Long walks help me think. Sometimes, I’ll walk and dictate my thoughts into Evernote, where I keep my journal. I created these notes on July 8th, 2019.
Why are all of the events of my life important? What is the giant meta pattern that ties them all together? That brings meaning to my life?
This is why we need story. This is why we need myth.
Hypothesis: our life is really only what we physically do. The literal movement of our body through this material plane. Even when you think you are doing something digital, you are really only doing what your body is physically doing. Your fingers move across a keyboard. Your eyes gaze at a screen. You speak into a box (your phone) alone, with a digitally-created illusion of being in the presence of another person.
This is repeated hundreds of millions of time per day: everyone’s sitting alone, with the illusion of being connected.
Most of what we do in life we do alone.
We can be doing the same things, but person A is 100% joyful, and person B is 100% miserable.
“How you do anything is how you do everything.“
In other words, perhaps it’s not so much what you do, but how you approach whatever you do. The energy you put into it. Do you bring joy, enthusiasm, a sense of adventure, a sense of anticipation? Or do you bring misery, sadness, frustration, boredom?
We are meant for joy, enthusiasm, and a sense of adventure and anticipation. This should be the foundational mode of operating in life. Perhaps for me, that is the answer.
Stop searching for some grand experiment. Stop searching for the thing that will make you famous. Or rich. Simply live at peace with what life has handed you now. You do not know if you will have any other moments than this one.
Wait: what’s that? A realization that it’s July 8? What meaning has my mind attached to that? The 4th of July has passed. July is almost over. Summer is almost over. Life is almost over. And I haven’t done the things I want to do.
These are distortions of consciousness. Things that consciousness has held onto for some reason. Mistakes, perceptions of mistakes, people, events, places. Perceived missed opportunities. This is the stuff anxiety is made of.

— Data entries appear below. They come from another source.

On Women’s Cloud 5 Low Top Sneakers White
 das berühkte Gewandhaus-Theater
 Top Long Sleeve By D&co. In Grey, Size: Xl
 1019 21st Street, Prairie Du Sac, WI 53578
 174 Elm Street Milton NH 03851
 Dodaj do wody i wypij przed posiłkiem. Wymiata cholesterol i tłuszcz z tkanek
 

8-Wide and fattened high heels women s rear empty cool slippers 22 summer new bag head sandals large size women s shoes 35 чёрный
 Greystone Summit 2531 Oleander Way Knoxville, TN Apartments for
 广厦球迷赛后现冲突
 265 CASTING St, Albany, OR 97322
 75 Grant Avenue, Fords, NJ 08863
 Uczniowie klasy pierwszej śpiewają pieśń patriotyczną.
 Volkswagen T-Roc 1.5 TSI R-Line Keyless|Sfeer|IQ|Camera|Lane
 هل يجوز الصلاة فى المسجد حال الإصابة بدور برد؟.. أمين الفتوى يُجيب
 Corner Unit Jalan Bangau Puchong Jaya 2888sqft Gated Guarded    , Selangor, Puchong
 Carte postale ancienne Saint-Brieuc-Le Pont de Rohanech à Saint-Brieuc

I remember that time towards the end of college. I was going to graduate soon. One morning I woke up very early, before dawn. It was a beautiful spring morning. I had a sense of so much joy, so much enthusiasm, so much adventure for life. I was overwhelmed with gratitude. I just took off running. I ran all the way down to the Boulder Creek Path, as fast as I could, full of joy. It was the earliest I had been up in months—perhaps my entire life. And I remember just thinking: this is how life should be. Every moment of every day should have this level of joy, enthusiasm, and gratitude. A connection with all and everything.
What if, “What should I do?” and “What do I want to do?” were traps?
What if I consistently asked instead: “Who do I want to be?” And “How present do I want to be” and “how awake can I be?”
…today.
Who do I want to be today. How present can I be now? How awake and alive and enthusiastic am I in this moment?
More being, less doing?
What if I lived a day BEING more and DOING less?
Yes, it’s the old cliche, “I’m a human being, not a human doing.” But hearing words and understanding them are two different universes.